I also make sure to wipe Emmie's face after each meal.


----------



## Pucks104 (Aug 16, 2012)

Thanks Marinagirl. A question - I have a 2.5 year old granddaughter who sometimes gets kissed by Leo. Is washing his beard after eating enough or do I have to keep them separated entirely?


----------



## patsan (May 22, 2016)

I have fed my Maltese raw for the past 14 years, with no problems.
Little kids have been around them and kissed them with zero problems either. I wouldn't keep them apart.
I found most vets are the ones trying to scare us not to feed raw food. Considering they get very little education on feeding while in school and the parts they do get are from the dog food companies, I find us dog owners usually have more knowledge in the feeding department.
I do use a holistic vet, after years of trying to find one and he's perfectly fine with raw feeding.


----------



## Pucks104 (Aug 16, 2012)

Thank you! Now just have to wait for the Darwin's introductory box to arrive!


----------



## MarinaGirl (Mar 25, 2012)

I don't worry about germs when I kiss Emmie after she eats. I mainly wipe her face so it's not sticky, and I've never gotten sick from her. If you have a suppressed immune system you may want to be cautious and check with your doctor, but other than that you should be fine.


----------



## patsan (May 22, 2016)

MarinaGirl said:


> I don't worry about germs when I kiss Emmie after she eats. I mainly wipe her face so it's not sticky, and I've never gotten sick from her. If you have a suppressed immune system you may want to be cautious and check with your doctor, but other than that you should be fine.


Exactly! I should have said that in my post.


----------



## krandall (Jun 11, 2009)

MarinaGirl said:


> I don't worry about germs when I kiss Emmie after she eats. I mainly wipe her face so it's not sticky, and I've never gotten sick from her. If you have a suppressed immune system you may want to be cautious and check with your doctor, but other than that you should be fine.
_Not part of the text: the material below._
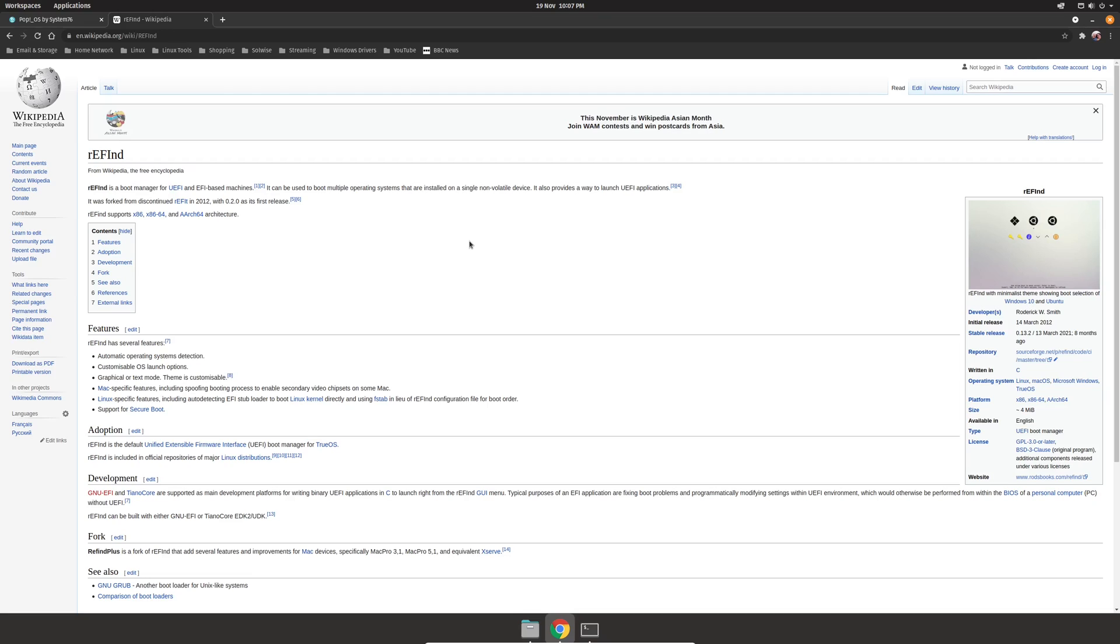Instead, as an alternative, I recommend having a look at Refind. Now this is a cross-platform boot manager, meaning that you can install this on Windows or Linux. And once it's installed, the next time you turn on your computer, you'll see it appear with a full GUI interface where you can select which operating system you wish to boot into.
Yes, this is the only reason I don't feed raw.


----------



## MarinaGirl (Mar 25, 2012)

Here are pictures of my Darwin's setup.


----------



## Pucks104 (Aug 16, 2012)

Thank you Marinagirl. Our first order will arrive Monday or Tuesday. I will start transitioning the boys as soon as the first pack of food thaws. I hope they like it and do well on it.


----------



## Pucks104 (Aug 16, 2012)

Well the Darwin's order arrived today along with a small Midea chest deep freezer. I put 2 of the beef packs in the refrigerator in the plastic container that came with the Darwin's food order. I will start with a bit either tomorrow or the next day as soon as it defrosts. Should I feed kibble in the am and then a bit of the beef in the evening or should I just put a bit of the beef as a topper on a slightly lesser amount of kibble?


----------



## MarinaGirl (Mar 25, 2012)

Pucks104 said:


> Well the Darwin's order arrived today along with a small Midea chest deep freezer. I put 2 of the beef packs in the refrigerator in the plastic container that came with the Darwin's food order. I will start with a bit either tomorrow or the next day as soon as it defrosts. Should I feed kibble in the am and then a bit of the beef in the evening or should I just put a bit of the beef as a topper on a slightly lesser amount of kibble?
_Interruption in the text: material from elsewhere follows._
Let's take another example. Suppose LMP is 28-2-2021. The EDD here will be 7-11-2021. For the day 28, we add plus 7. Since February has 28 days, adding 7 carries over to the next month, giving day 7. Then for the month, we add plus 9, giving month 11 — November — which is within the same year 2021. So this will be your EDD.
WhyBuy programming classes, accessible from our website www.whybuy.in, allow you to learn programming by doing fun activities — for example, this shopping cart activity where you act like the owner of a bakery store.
Here's info on Darwin's site:
Transitioning Your Dog to a Raw Food Diet


----------



## Pucks104 (Aug 16, 2012)

So I may be jumping out of raw feeding as quickly as I jumped in! Rexy has thrown up both mornings he has had a bit of raw Darwin's added to his kibble. He eats it without a problem but it comes back up within 15 minutes. He hasn't thrown up at the evening meal. Aside from feeling bad for Rexy, cleaning up the regurgitated raw is gross! With all the animals and children I have cared for over the years, it really takes a lot to gross me out but this might do it.


----------



## Sheri (Oct 11, 2008)

How odd!

I mean about him throwing it up, not about it being gross. I have heard though that you shouldn't mix raw with kibble because it digests at different rates, so I've never given both together. Does Darwin's suggest mixing them?


----------



## Pucks104 (Aug 16, 2012)

Darwin's says to transition by adding a small amount of the new food to the current food and slowly over a few days to weeks ( depending on dog acceptance) increase new food and decrease old food. The food isn't really staying in his stomach long enough for much digestion to occur. Going back to all kibble tonight and will talk to Darwin's tomorrow if I get a chance.


----------



## Pucks104 (Aug 16, 2012)

So after taking a bit of time away, I decided to try to feed Darwin's again since I have the remainder of the introductory shipment in the freezer. I chose a packet of duck and placed it in the plastic container Thursday night. It was thawed this morning (Saturday). I reduced Leo and Rexy's kibble by half and added some (less than a measured tablespoon) of raw duck. For Rex, I broke the amount up into tiny little bits spread over the reduced amount of kibble. Then I put a bit of water in the dish as I always do when I feed kibble. Rexy sniffed at the food then ate and it stayed down. Yeah! 
Leo doesn't seem to have an issue with the food so far. 
Maybe it was the beef that was an issue for Rex or maybe breaking up the raw into tiny bits rather than a mushed clump or reducing the amount of kibble a bit more who knows? The total amount he ate for breakfast isn't sufficient to sustain him and he has no excess weight so I will have to bump up the raw portion before too long. Anyway, we'll continue to try. I did talk to Darwin's and had them suspend the next shipment until I could decide if I was going to pursue raw feeding. We'll see how it goes.


----------



## Pucks104 (Aug 16, 2012)

So this evening I decided to for go kibble entirely for Rexy and Leo. They both ate their duck meal and it stayed down. Fingers crossed that we are on our way to raw meals!


----------



## Pucks104 (Aug 16, 2012)

Leo and Rexy have been on raw for a week and are doing well. They did both lose weight which they didn't need to lose so I am now trying to determine an appropriate portion for each of them. Based on percentage of weight the folks at Darwin's suggested that Leo and Rexy should have 1/4 of the half pound package twice a day. Over 5 days Leo dropped .50 lb. and Rexy dropped .80 lb. I doubled their portion so each dog has been getting a whole packet (1/2 lb.) over 2 meals per day. They are both maintaining weight on this portion size. Rexy weighs 9.2 lbs which is a little under the 9.5 lbs that I think is ideal for him. Leo is right at 11.5 lbs which is his ideal weight. 
Poops on the raw are REALLY small and the pups don't go as often - 1-2 times per day rather than a more typical 3 times per day. I have added pumpkin to Leo's as he is the one that is going just once per day and I don't want him to get constipated. 
Both dogs LOVE the food though neither dog has ever been picky about what they would eat. Leo hadn't had anymore tummy pain. We'll see how that goes over time.


----------